Digital payments are not new. Electronic wire transfers have existed since the 1870s. What has changed in the past decade is the speed, accessibility, and diversity of digital payment methods, from sub-second mobile wallet taps to cross-border real-time transfers that take less time than sending an email.
The term is often used interchangeably with "electronic payments," but the two are not identical. All digital payments are electronic, but not all electronic payments are digital, older automated clearing house (ACH) batch transfers, for example, are electronic but operate on infrastructure that predates modern digital payment systems.
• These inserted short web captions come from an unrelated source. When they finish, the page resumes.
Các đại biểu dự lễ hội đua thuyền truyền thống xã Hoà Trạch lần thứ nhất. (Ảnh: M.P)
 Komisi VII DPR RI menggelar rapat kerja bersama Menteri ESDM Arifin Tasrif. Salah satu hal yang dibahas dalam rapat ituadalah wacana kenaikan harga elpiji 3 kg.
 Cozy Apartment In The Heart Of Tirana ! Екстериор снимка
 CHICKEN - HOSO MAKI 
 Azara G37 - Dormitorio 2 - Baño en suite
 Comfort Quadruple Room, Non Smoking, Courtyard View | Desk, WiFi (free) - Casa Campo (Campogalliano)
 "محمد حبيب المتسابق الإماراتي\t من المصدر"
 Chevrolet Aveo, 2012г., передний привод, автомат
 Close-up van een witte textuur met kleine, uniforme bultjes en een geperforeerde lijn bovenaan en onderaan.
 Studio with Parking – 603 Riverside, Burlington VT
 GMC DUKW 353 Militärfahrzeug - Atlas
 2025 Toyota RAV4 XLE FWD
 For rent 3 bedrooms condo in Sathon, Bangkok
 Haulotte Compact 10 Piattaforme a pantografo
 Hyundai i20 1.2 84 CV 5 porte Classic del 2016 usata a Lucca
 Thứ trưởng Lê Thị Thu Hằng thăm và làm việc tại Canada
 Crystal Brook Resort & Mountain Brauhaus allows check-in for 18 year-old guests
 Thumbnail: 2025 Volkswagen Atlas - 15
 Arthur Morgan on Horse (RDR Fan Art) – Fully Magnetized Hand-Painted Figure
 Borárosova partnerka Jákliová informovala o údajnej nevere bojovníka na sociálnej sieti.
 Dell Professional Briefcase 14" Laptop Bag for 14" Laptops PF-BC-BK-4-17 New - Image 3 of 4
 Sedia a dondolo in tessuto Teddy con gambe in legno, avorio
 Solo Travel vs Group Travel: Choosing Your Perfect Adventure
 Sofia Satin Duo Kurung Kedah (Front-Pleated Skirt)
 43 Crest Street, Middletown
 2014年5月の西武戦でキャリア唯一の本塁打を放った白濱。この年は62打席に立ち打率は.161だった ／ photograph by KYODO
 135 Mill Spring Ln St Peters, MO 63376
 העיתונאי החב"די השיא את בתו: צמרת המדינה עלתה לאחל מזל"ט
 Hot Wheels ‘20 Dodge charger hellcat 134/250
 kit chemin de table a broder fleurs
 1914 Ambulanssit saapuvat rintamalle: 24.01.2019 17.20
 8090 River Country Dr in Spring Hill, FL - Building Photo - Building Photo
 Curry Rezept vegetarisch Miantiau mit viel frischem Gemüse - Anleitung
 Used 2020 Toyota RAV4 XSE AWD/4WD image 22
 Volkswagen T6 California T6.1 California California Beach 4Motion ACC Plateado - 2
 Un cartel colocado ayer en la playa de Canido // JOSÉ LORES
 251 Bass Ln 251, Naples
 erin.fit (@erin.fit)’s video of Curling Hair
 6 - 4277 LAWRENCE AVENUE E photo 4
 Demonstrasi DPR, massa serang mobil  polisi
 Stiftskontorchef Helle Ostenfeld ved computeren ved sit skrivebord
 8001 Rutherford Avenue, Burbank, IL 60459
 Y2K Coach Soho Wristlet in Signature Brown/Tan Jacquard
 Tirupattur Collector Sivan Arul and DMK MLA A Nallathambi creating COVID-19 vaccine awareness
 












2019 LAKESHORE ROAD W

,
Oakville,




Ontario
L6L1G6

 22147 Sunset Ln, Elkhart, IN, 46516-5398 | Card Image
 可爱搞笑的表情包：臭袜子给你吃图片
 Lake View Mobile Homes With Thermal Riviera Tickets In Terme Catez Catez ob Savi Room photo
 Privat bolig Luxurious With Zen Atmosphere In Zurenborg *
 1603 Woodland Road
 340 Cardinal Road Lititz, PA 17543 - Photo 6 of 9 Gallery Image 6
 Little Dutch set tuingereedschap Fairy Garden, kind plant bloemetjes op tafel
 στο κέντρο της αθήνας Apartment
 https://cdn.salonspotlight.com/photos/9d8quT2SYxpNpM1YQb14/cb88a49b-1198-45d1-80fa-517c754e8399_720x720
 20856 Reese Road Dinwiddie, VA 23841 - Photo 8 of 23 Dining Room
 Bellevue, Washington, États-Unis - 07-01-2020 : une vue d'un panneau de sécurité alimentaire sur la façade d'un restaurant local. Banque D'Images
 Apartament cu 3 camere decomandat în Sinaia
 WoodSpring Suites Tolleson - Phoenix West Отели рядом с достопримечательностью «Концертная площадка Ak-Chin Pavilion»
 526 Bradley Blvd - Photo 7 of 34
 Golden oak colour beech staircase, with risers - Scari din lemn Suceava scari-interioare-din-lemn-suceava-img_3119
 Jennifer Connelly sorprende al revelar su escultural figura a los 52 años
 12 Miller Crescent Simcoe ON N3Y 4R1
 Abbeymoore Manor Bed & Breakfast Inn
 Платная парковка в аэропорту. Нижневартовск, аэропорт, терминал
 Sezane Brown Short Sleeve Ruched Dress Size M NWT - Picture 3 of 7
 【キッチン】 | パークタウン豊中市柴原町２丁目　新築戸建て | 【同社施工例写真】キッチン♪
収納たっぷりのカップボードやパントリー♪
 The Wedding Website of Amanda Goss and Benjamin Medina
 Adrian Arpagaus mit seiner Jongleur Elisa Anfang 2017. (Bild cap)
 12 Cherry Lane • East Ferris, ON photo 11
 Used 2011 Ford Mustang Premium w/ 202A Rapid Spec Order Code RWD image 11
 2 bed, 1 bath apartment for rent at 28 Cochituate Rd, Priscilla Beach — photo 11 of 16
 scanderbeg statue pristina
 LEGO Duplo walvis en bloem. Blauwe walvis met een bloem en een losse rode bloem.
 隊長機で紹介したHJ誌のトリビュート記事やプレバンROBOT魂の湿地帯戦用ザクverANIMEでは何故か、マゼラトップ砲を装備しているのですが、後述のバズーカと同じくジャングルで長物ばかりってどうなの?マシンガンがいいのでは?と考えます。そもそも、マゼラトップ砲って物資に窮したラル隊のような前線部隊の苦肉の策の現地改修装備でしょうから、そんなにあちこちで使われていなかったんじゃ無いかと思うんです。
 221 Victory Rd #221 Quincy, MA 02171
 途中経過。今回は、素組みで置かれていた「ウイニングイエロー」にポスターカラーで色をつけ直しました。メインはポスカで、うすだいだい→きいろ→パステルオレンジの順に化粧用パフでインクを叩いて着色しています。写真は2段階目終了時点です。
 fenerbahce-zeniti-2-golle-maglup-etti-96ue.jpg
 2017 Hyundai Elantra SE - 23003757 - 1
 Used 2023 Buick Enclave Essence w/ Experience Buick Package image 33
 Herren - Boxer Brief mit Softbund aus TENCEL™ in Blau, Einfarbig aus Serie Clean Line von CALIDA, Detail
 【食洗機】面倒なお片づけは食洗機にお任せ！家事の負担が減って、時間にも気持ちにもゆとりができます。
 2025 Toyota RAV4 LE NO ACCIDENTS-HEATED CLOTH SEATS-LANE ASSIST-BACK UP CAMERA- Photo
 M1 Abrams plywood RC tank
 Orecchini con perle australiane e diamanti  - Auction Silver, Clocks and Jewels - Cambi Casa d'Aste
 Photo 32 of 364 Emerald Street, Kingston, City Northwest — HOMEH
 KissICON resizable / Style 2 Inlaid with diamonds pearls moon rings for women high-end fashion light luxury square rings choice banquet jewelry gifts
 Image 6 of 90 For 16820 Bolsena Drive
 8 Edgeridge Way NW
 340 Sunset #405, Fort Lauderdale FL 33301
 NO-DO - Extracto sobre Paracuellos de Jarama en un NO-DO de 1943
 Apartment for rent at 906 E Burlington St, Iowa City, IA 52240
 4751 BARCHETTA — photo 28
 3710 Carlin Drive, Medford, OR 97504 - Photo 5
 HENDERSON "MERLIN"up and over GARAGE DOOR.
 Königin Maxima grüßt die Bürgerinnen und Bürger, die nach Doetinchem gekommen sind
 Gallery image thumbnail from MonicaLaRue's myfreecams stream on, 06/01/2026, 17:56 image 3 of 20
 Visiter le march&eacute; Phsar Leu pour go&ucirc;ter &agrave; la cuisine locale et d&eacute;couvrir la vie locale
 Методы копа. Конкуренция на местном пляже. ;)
How Do Digital Payments Work?


Every digital payment, regardless of method, involves the same fundamental sequence: the payer authorises a transfer, that authorisation is verified, and funds move (or are committed to move) from one account to another. What differs between payment types is the speed, the intermediaries involved, and the rails those funds travel across.
The key players in every digital payment
Understanding who is involved in a transaction helps both consumers and merchants make sense of why fees exist and where delays occur.
- Payer: the person or business initiating the payment
- Payee: the person or business receiving the payment
- Issuing bank: the bank that issued the payer's card or holds the payer's account
- Acquiring bank: the bank that holds the merchant's account and receives the funds
- Payment processor: the company that routes transaction data between the issuing and acquiring banks and the card networks
- Payment gateway: the technology (often a software layer or API) that captures and encrypts payment data at the point of sale or online checkout
- Card networks: Visa, Mastercard, American Express, and UnionPay operate the rails over which card-based transactions travel, setting interchange rules and fees
Not every transaction involves all of these parties. A bank transfer between two accounts at the same institution, for example, never touches a card network. A peer-to-peer (P2P) payment via Venmo moves money through PayPal's internal ledger before settling to a bank account.
What happens when you tap to pay - step by step
When a consumer taps an NFC-enabled phone or card at a point-of-sale terminal, the following happens in approximately 500 milliseconds:
- The device generates a one-time encrypted token, a stand-in for actual card data, via a process called tokenisation. No real card number is transmitted.
- The terminal forwards the token and transaction details to the payment gateway.
- The gateway passes the authorisation request to the payment processor.
- The processor routes the request to the relevant card network (Visa, Mastercard, etc.).
- The card network forwards it to the issuing bank, which checks: Is the account valid? Are funds available? Does the transaction pass fraud checks?
- The issuing bank sends an approval or decline back through the same chain.
- The terminal displays "Approved." Funds are not yet transferred, they are only authorised.
- Settlement (actual fund transfer) typically occurs within one to two business days via batch processing through the card network.
Real-time payment rails, covered below, compress steps 4 through 8 into seconds, with immediate settlement rather than next-day batching.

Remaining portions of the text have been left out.